▶ _TASK BRIEF_
Starting with the line that contains "Bookcase - Black", reproduce each line through the end of the entries exactly as written.
BEGIN EXTRACTED RECORDS
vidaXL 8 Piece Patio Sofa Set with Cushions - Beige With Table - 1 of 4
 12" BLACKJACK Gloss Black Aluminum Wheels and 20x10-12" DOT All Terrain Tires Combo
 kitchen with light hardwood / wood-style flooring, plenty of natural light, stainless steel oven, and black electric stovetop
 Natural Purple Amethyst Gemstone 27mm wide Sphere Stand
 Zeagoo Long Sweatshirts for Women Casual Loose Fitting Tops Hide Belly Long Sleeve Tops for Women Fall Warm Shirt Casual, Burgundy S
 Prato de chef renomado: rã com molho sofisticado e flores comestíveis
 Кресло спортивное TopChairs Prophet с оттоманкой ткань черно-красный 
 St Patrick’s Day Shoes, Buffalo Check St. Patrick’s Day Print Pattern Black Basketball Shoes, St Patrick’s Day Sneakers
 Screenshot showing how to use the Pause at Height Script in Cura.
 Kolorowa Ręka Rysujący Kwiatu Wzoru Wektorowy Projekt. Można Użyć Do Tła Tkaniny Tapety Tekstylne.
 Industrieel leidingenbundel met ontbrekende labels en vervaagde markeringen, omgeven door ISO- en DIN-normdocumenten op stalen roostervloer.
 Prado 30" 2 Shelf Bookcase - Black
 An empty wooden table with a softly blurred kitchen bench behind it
END EXTRACTED RECORDS
▶ _SOLUTION FOR THIS PROBLEM_
 Prado 30" 2 Shelf Bookcase - Black
 An empty wooden table with a softly blurred kitchen bench behind it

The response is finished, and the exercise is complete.